KDDI(au)とソフトバンク・モバイルは22日、夏商戦向けの携帯電話を発表した。両社とも利用者重視の姿勢を前面に出し、サービス重視から、自分らしさを実現する「デザイン」や「ワンセグ」という共通点を打ち出した。これに対し、一足先に夏モデルを発表したNTTドコモはサービス重視で、ワンセグも1機種のみと路線の違いが出た。夏商戦を制するのは、昨秋の番号ポータビリティー(番号継続制度)導入後、勢いづくau、ソフトバンクか、それとも「反撃」を宣言したドコモか。
 |
auが投入した防滴仕様の新端末。入浴中でもワンセグ放送を楽しむことができる=22日午後、東京都千代田区のホテルニューオータニ(撮影・瀧誠四郎) |
自分好みに
「これまで新機能やサービスでわくわく感を提供してきたが、今回からはライフスタイルを支援、創造する存在になる」。KDDIの高橋誠執行役員は、新機種の基本概念をこう説明した。
14機種中7機種がワンセグ搭載。防滴仕様で入浴中にも使えるモデルやデザイン重視の薄型、高機能追求型と、使い方、利用場面にこだわった。
「ウォークマン携帯」のように「専用機器に電話がついた」と好評を博した機種では、カシオのデジタルカメラと融合した「エクシリム・ケータイ」を追加投入。
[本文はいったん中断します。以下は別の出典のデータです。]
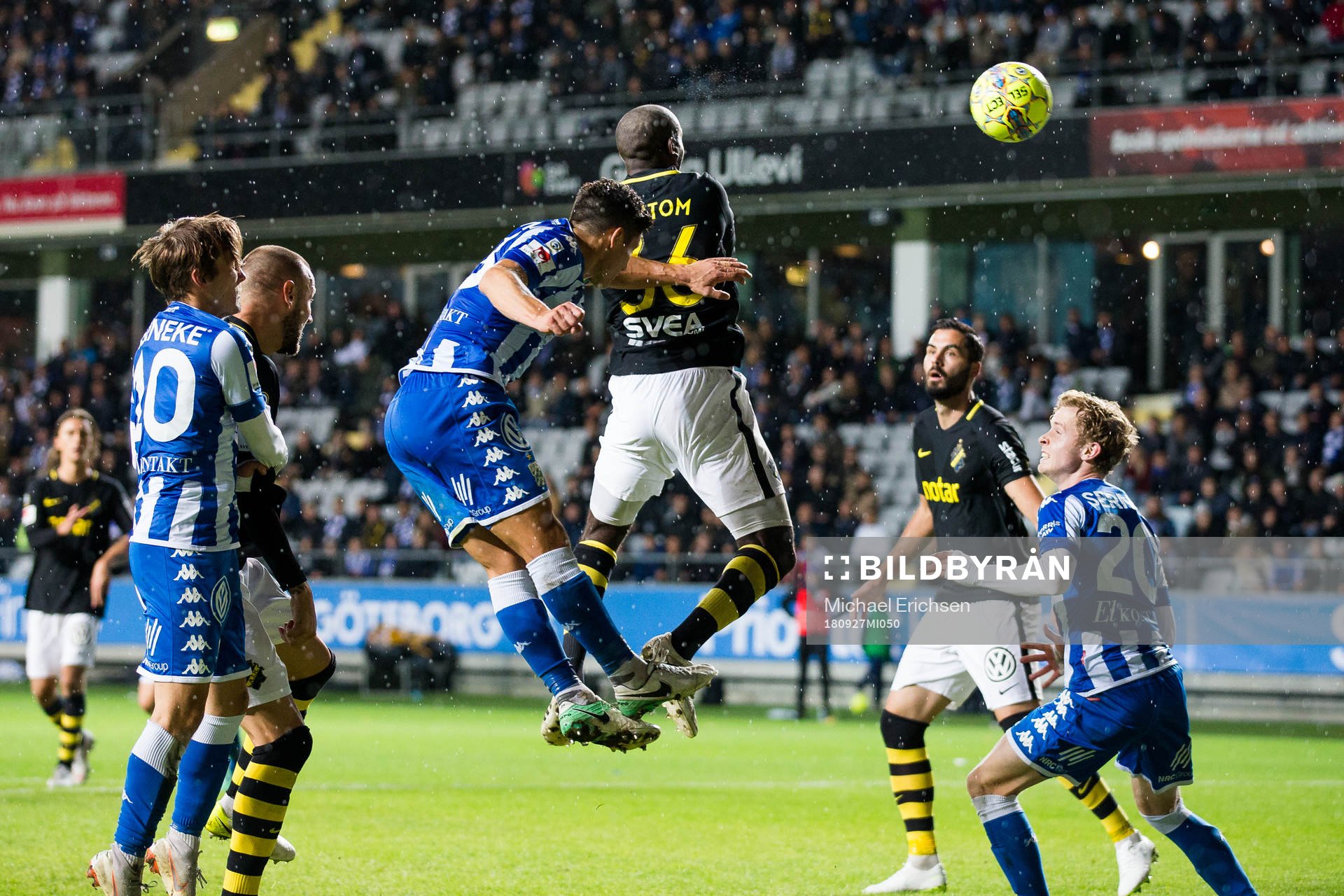s Henok Goitom nickar in 0-2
au以外のブランドで幅広い利用者にアピールする作戦で、今回はこの手法をさらに広げ、42種類のファッションブランドとも連携させた。
ソフトバンクも「スタイル」をキャッチコピーに、ワンセグ3機種を含む12機種を投入。孫正義社長は「ライフスタイルに最も合ったスタイルをユーザー1人1人が決める」と、au同様に利用者重視を訴えた。
その典型が、外装パネルやイルミネーションの点滅パターンなどを2億4000万通りも組み合わせられる機種で、自分だけの携帯を簡単に作ることができる。人気キャラクターの「ハローキティ」と「スヌーピー」の外装も用意。デザイン面で自分スタイルを追求できるモデルをそろえた。
主流も変化?
カメラ、音楽プレーヤーなど当初は「不要」といわれた機能だが、ワンセグもそのひとつ。使い方もビジネスモデルも確立していないためで、数千円の端末コストアップに見合うかどうか、懐疑的な見方は根強い。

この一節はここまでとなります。